En effet, tous ces récits ont en commun de se situer au carrefour, entre une élévation et un abaissement. Élévation de l’homme, par une promesse réitérée, une alliance renouvelée, une bénédiction accordée, une vision donnée, une promesse délivrée, abaissement de Dieu qui consent à s’adresser à l’homme pour le visiter. On pourrait alors voir la réalité de la transfiguration comme étant la réalité centrale de toute l’écriture qui ne devient parole qu’à partir de ce mystère, comme la réponse au mystère de l’incarnation. Plus que toute autre, l’église orientale a souligné cette chose comme l’évangile de Jean, souvent cité comme celui de la transfiguration, alors même qu’il est le seul, paradoxalement, à ne pas en rapporter le récit. Il reste que depuis le premier miracle de Cana, 1857 rapporté par Jean, jusqu’à l’invitation du brigand repenti sur la croix, 1858 rapporté par Luc, tout converge dans les récits évangéliques vers la transfiguration qui appelle le meilleur pour la fin. 1859
À l’abaissement divin manifesté dans l’incarnation, répond, par grâce, l’élévation de l’homme et de la création, leur intrusion encore furtive, mais source de toutes les promesses dans la création nouvelle. Mais il ne semble s’agir là que d’évocations. Les deux grands récits de transfiguration biblique, concernent, l’un Moïse venant de recevoir les tables de la loi, et l’autre le Christ, en prière avec Élie et Moïse, sur une montagne, où Pierre Jacques et Jean, seuls, l’avaient accompagnés. Le mystère de l’incarnation est regardé du point de vue de Dieu, qui descend vers l’homme pour habiter le quotidien de ses gestes. Il suppose un abaissement de Dieu vers l’homme. Le mystère de la transfiguration est comme une conséquence de ce mystère premier, il est regardé du point de vue de l’homme, et il suppose une élévation de l’homme vers Dieu. Dans l’incarnation, le ciel descend vers la terre, dans la transfiguration, la terre monte vers le ciel.

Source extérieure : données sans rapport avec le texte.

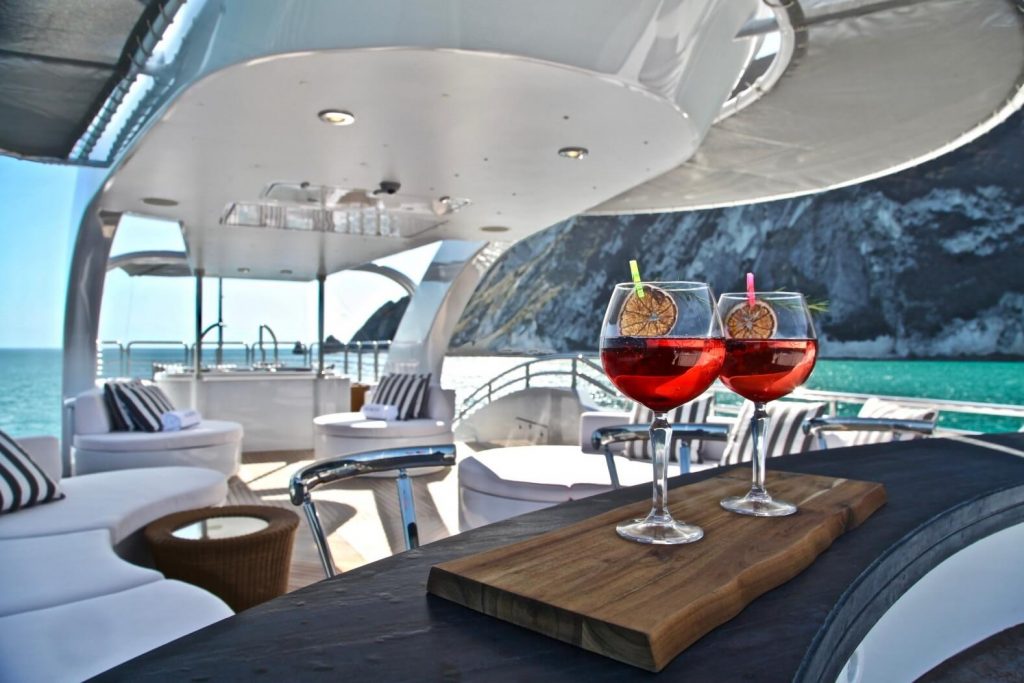 alalya yacht charter drinks at the bar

Notons enfin que de chacun des deux mouvements, l’initiateur n’en est pas l’homme et ses efforts, mais Dieu : Dieu qui s’incarne, Dieu qui transfigure la réalité quotidienne. Tout n’est que fruit d’une grâce. Il n’est pas étonnant alors que la première transfiguration biblique apparaisse juste après que Moïse ait reçu au Sinaï, les paroles de Dieu. Dieu a visité son peuple pour l’enseigner, et lui donner la Torah. Moïse l’ignore encore mais la marque de sa rencontre avec Dieu se lira sur son visage devenu lumineux, comme incandescent, lors de son retour parmi les siens. La transfiguration du Christ, rapportée par les trois synoptiques, est, quant à elle, toujours située à un moment central de son ministère, lorsqu’il commence à annoncer aux disciples la nécessité de sa mort et sa résurrection.

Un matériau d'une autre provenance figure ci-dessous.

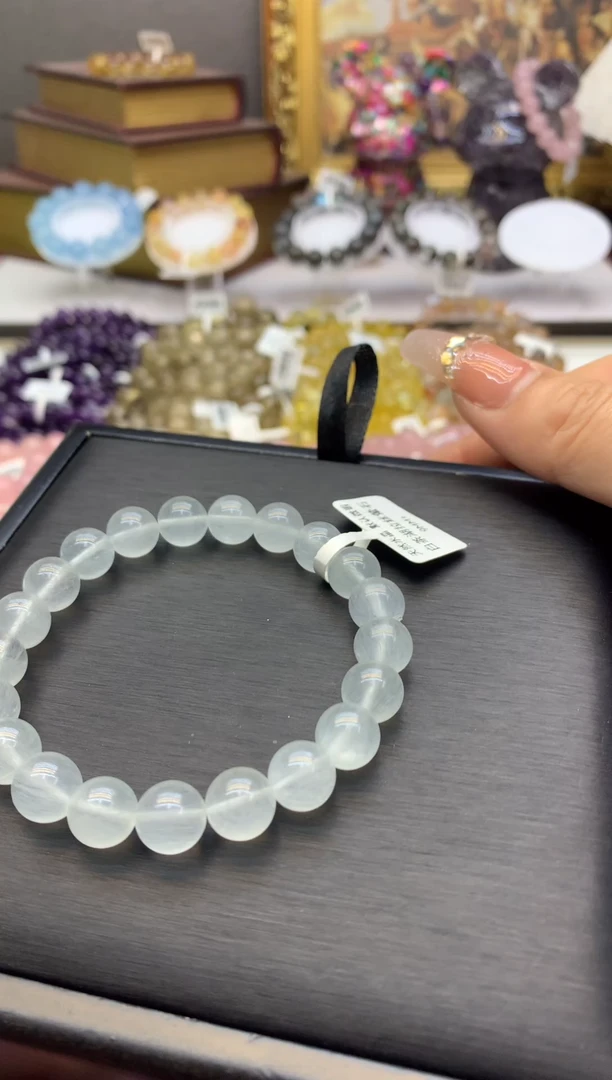 【闪购商品】水晶手串未镶嵌9+白茶湖拉丝萤石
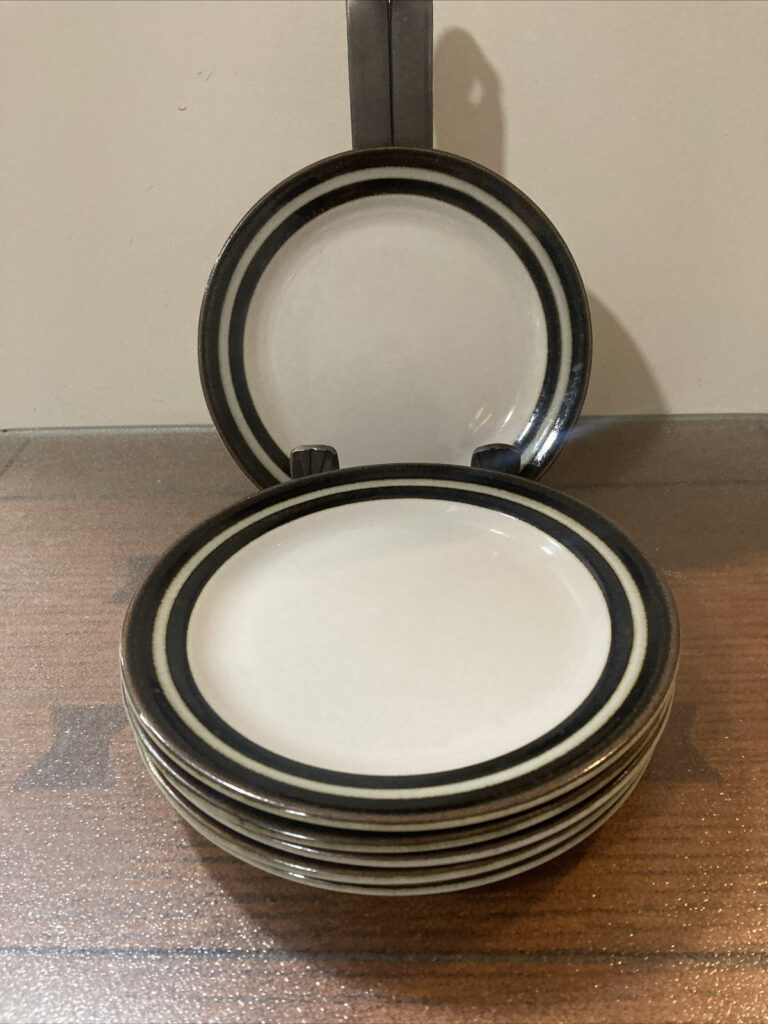 Read more about the article Arabia of Finland KARELIA Brown Bands – Set of 6 Bread and Butter Plates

À la lumière de la Nouvelle Alliance, Paul, dans la seconde épître aux Corinthiens, fait une lecture de cet épisode où il semble associer le voile de Moïse, au voile que mettait le lecteur juif de la synagogue du premier siècle lors de la prière. Ce voile, Paul écrit que Jésus seul vient l’ôter, en donnant accès à toute l’intelligence de l’écriture comme parole de Dieu, Père, non selon la lettre mais en esprit.

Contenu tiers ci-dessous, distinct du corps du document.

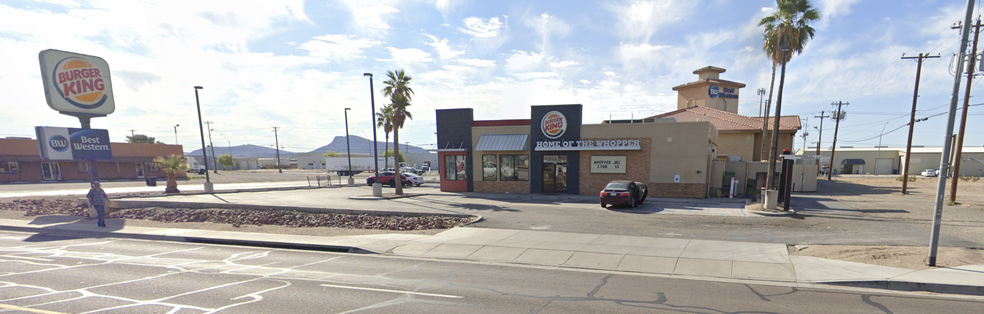 701 W Riverside Dr, Parker, AZ en alquiler - Foto del edificio - Imagen 3 de 7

‘Il nous a rendu capables d’être ministres d’une nouvelle alliance, non de la lettre, mais de l’esprit; car la lettre tue mais l’esprit vivifie.’ ‘Or, si le ministère de la mort, gravé avec des lettres sur des pierres, a été glorieux, au point que les fils d’Israël ne pouvaient fixer les regards sur le visage de Moïse, à cause de la gloire de son visage, bien que cette gloire fut passagère, combien le ministère de l’esprit ne sera-t-il pas plus glorieux ? Si le ministère de la condamnation a été glorieux, le ministère de la justice est de beaucoup supérieur en gloire. Et sous ce rapport ce qui a été glorieux, ne l’a point été, à cause de cette gloire, qui lui est supérieure. En effet, si ce qui était passager a été glorieux, ce qui est permanent est bien plus glorieux.’ ‘Ayant donc cette espérance, nous usons d’une grande liberté, et nous ne faisons pas comme Moïse qui mettait un voile sur son visage, pour que les fils d’Israël ne fixassent pas les regards sur la fin de ce qui était passager. Mais ils sont devenus durs d’entendement. Car jusqu’à ce jour le même voile demeure quand ils font la lecture de l’Ancien Testament, et il ne se lève pas, parce que c’est en Christ qu’il disparaît. 1861 ’Chez Paul, la constante “théologique”, au fil de ses écrits, est de dire que la loi, bien que don de Dieu, révélation de Dieu, en ce qu’elle révèle à l’homme le péché, conduit en elle-même, à elle seule, à la mort. Elle n’est donc que le passage nécessaire pour quelqu’un d’autre qu’elle-même : le compagnon de marche pour conduire au Christ tel le pédagogue qui s’efface devant le maître. Paul parle d’un voile relatif tout à la fois à la relation avec le monde, symbolisé par le visage de Moïse, et à l’accès à la parole de Dieu, symbolisé par le voile sur l’écriture, que Christ vient ôter.
Nous pouvons alors évoquer l’art iconographique chrétien oriental face à l’iconoclasme biblique de l’ancienne alliance. Le voile qui se lève, en Christ, serait celui qui permet de regarder l’icône sans pour autant que soit fixé ce qui est passager comme une fin, sans pour cela tomber donc et verser dans le culte de l’idole.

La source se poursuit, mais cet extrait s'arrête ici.